Wherever the listing holds a picture, leave it out, and copy the remainder exactly.

*** Block opens ***

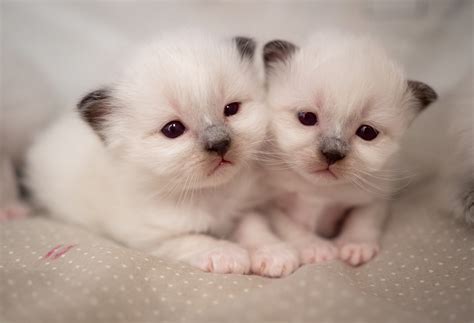 552736 Kitten Animal Pet Baby Animal Furry Cute Rare Gallery Hd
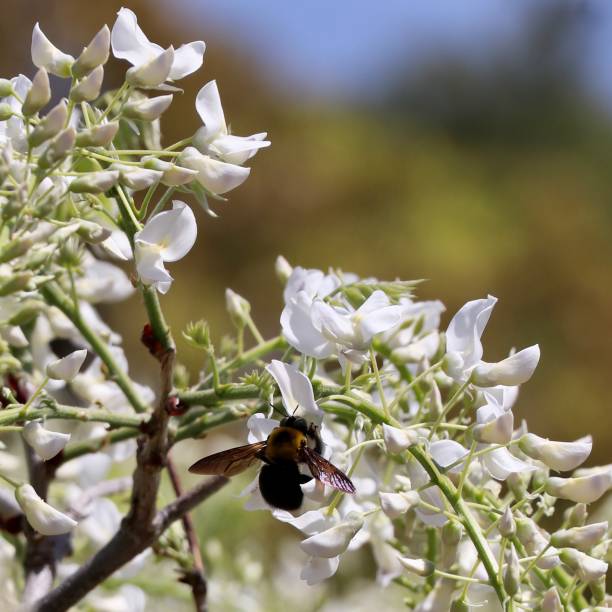 istock Wisteria and bee 1187262893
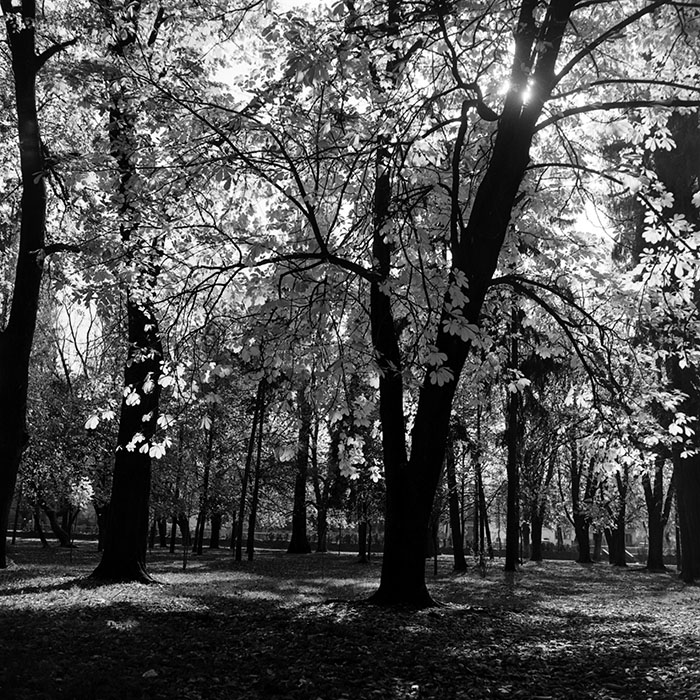 minerva_1967-1973_c5r1_001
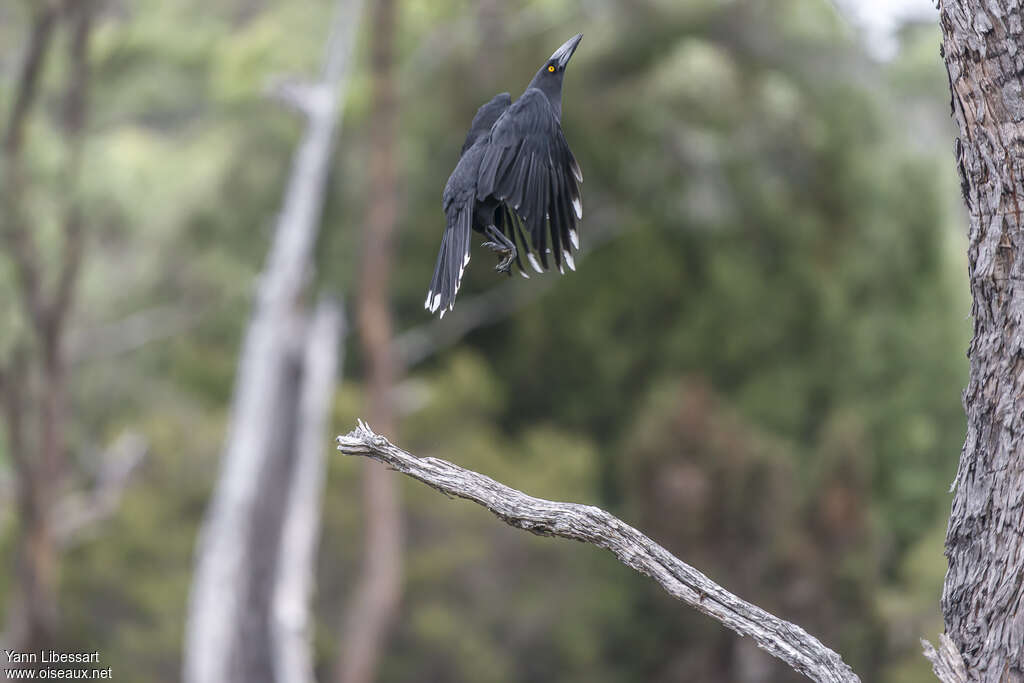 Black Currawongadult, Flight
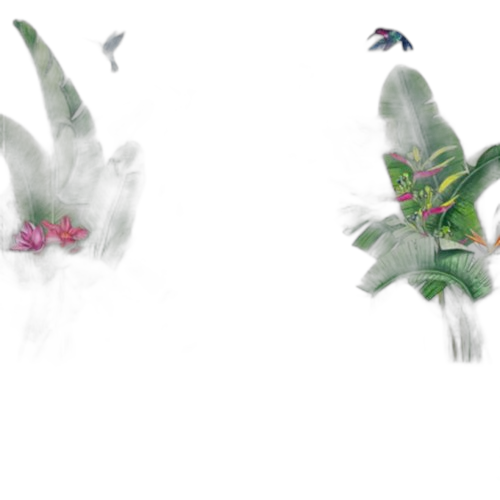 White label sticker 2 plantes avec oiseaux :160 x 100 cm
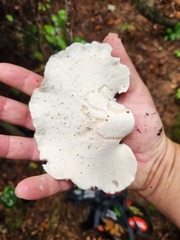 Osteina
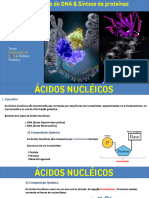 Acidos Nucleicos - Duplicacao Do DNA e Sintese Proteica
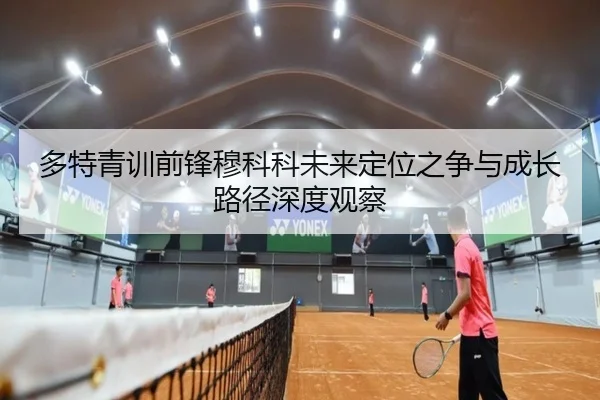 多特青训前锋穆科科未来定位之争与成长路径深度观察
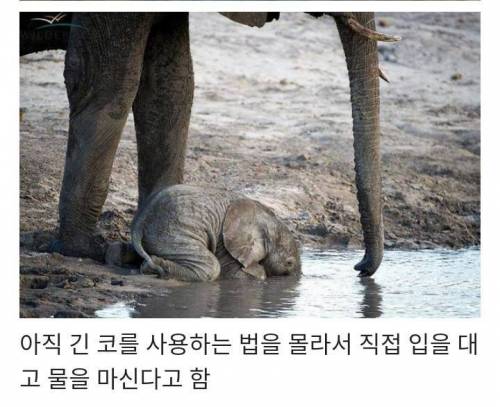 아기 코끼리가 물 마시는 방법.jpg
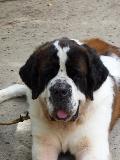 Cão de São Bernardo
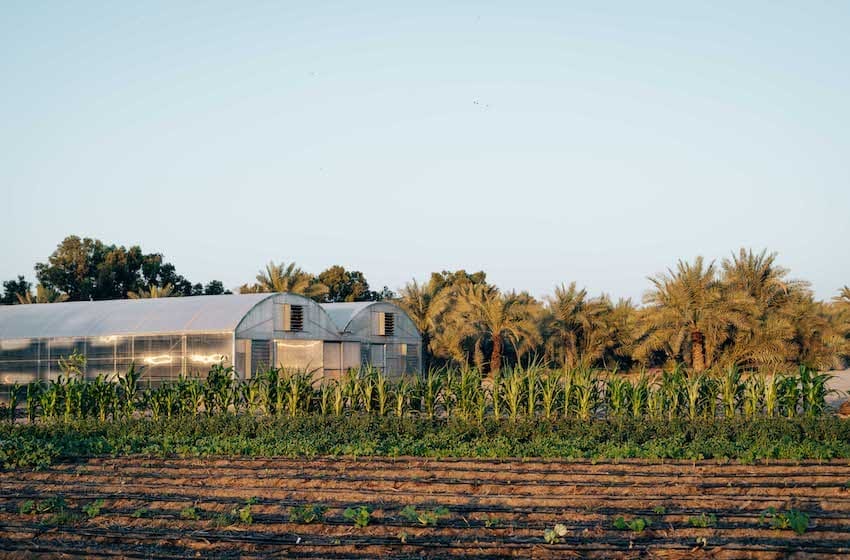 Rendez-vous à la première ferme biologique et autonome de Dubai !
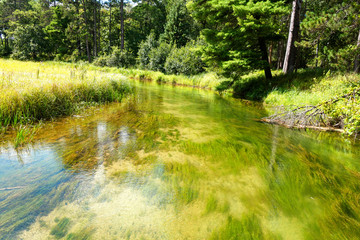 Quiet River Flowing through Marsh Grass and Pine Trees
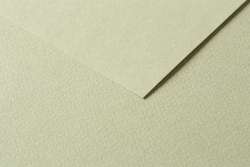 Clairefontaine TULIPE farbiges Bastelpapier, Bogenware, Bogenware, 50 cm x 65 cm, Lindgrün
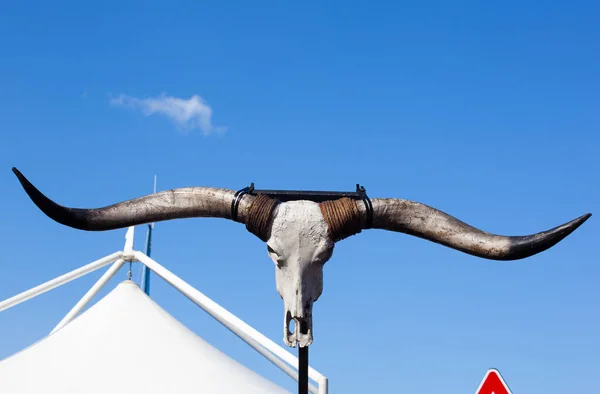 Buffalo Schedel Opknoping Een Paal — Stockfoto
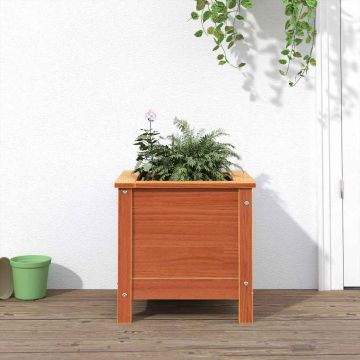 Vaso da giardino Marrone cerato 40 x 40 x 39 cm Pino massello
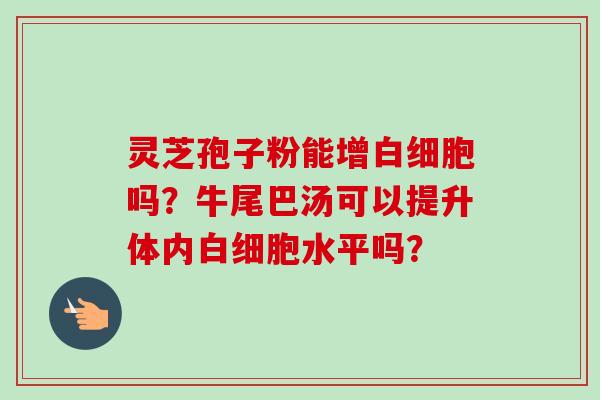 灵芝孢子粉能增白细胞吗？牛尾巴汤可以提升体内白细胞水平吗？-第1张图片-卓越灵芝孢子粉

*** Block closes ***

- _RESPONSE AREA_
 552736 Kitten Animal Pet Baby Animal Furry Cute Rare Gallery Hd
 istock Wisteria and bee 1187262893
 minerva_1967-1973_c5r1_001
 Black Currawongadult, Flight
 White label sticker 2 plantes avec oiseaux :160 x 100 cm
 Osteina
 Acidos Nucleicos - Duplicacao Do DNA e Sintese Proteica
 多特青训前锋穆科科未来定位之争与成长路径深度观察
 아기 코끼리가 물 마시는 방법.jpg
 Cão de São Bernardo
 Rendez-vous à la première ferme biologique et autonome de Dubai !
 Quiet River Flowing through Marsh Grass and Pine Trees
 Clairefontaine TULIPE farbiges Bastelpapier, Bogenware, Bogenware, 50 cm x 65 cm, Lindgrün
 Buffalo Schedel Opknoping Een Paal — Stockfoto
 Vaso da giardino Marrone cerato 40 x 40 x 39 cm Pino massello
 灵芝孢子粉能增白细胞吗？牛尾巴汤可以提升体内白细胞水平吗？-第1张图片-卓越灵芝孢子粉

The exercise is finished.